Ada, Corinne, and Gabriel went to the back entrance, which was considerably less classy but much more private. Corinne had wanted it to just be her and Ada, since they had both performed at the Red Cat before and might be able to talk their way in. Saint hadn't argued about being left behind, but Gabriel had flatly refused. In the end, it had seemed like less trouble to bring him along.

Corinne knocked on the back door until a man cracked it open. He narrowed his eyes at them in recognition but shook his head.

“Your lot ain't coming in here tonight. Carson's orders.” He spat a wad of tobacco toward their feet.
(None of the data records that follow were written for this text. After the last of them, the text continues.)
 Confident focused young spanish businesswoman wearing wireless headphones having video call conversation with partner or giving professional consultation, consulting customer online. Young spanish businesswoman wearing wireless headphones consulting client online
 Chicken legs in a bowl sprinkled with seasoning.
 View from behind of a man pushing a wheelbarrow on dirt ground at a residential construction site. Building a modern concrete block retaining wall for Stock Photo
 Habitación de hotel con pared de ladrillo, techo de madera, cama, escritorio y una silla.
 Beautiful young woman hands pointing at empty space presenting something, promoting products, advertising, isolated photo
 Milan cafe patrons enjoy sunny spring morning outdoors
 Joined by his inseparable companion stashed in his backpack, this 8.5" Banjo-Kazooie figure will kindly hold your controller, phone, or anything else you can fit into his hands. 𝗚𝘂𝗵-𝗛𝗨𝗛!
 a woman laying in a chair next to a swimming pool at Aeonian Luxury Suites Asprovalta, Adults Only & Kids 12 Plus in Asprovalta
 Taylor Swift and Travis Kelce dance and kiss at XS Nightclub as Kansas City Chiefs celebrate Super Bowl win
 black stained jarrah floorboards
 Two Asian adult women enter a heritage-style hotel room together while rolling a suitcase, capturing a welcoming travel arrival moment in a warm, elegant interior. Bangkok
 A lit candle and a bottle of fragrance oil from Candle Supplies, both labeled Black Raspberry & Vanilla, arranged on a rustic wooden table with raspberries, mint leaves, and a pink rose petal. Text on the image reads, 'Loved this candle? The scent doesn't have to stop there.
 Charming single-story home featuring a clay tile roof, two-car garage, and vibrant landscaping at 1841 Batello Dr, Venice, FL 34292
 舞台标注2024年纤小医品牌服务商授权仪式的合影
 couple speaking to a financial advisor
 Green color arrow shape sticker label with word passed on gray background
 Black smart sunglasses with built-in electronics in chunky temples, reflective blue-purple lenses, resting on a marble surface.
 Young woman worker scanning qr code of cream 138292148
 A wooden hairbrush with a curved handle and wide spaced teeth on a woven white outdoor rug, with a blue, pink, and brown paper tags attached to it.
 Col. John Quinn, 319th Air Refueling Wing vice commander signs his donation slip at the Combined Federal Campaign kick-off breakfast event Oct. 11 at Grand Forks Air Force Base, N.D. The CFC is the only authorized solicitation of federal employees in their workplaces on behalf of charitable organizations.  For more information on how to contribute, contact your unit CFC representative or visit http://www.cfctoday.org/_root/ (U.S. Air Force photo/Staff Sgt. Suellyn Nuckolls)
“We don't want to come in,” Ada told him.

“We don't?” Corinne asked.

“Fetch Charlie Lewis,” Ada said. “He asked me to meet him here.”

“He did?” Corinne asked. Gabriel nudged her.

The man was staring at Ada hard, as if trying to find a reason to call her a liar.

“If you don't get him, and he finds out I had to stand out here in the cold all night, you're going to be in a heap of trouble,” Ada told him.

From what Corinne knew about Charlie, she couldn't imagine him causing trouble for anyone, but she dutifully kept her mouth shut. The man was obviously at war with himself, but after a few seconds he told her to wait a minute, then slammed the door shut and locked it.

“Well, that was easier than I expected,” Corinne said.

“I figured if we waited on you to sweet-talk him, we'd be out here all night,” Ada replied.

Corinne jabbed her with an elbow, and Ada ignored her with the long-suffering air of a mother whose toddler was misbehaving. After a few minutes the door creaked open again, and Charlie slipped into the alley with them, hollering over his shoulder at the man to stop being such a dictator.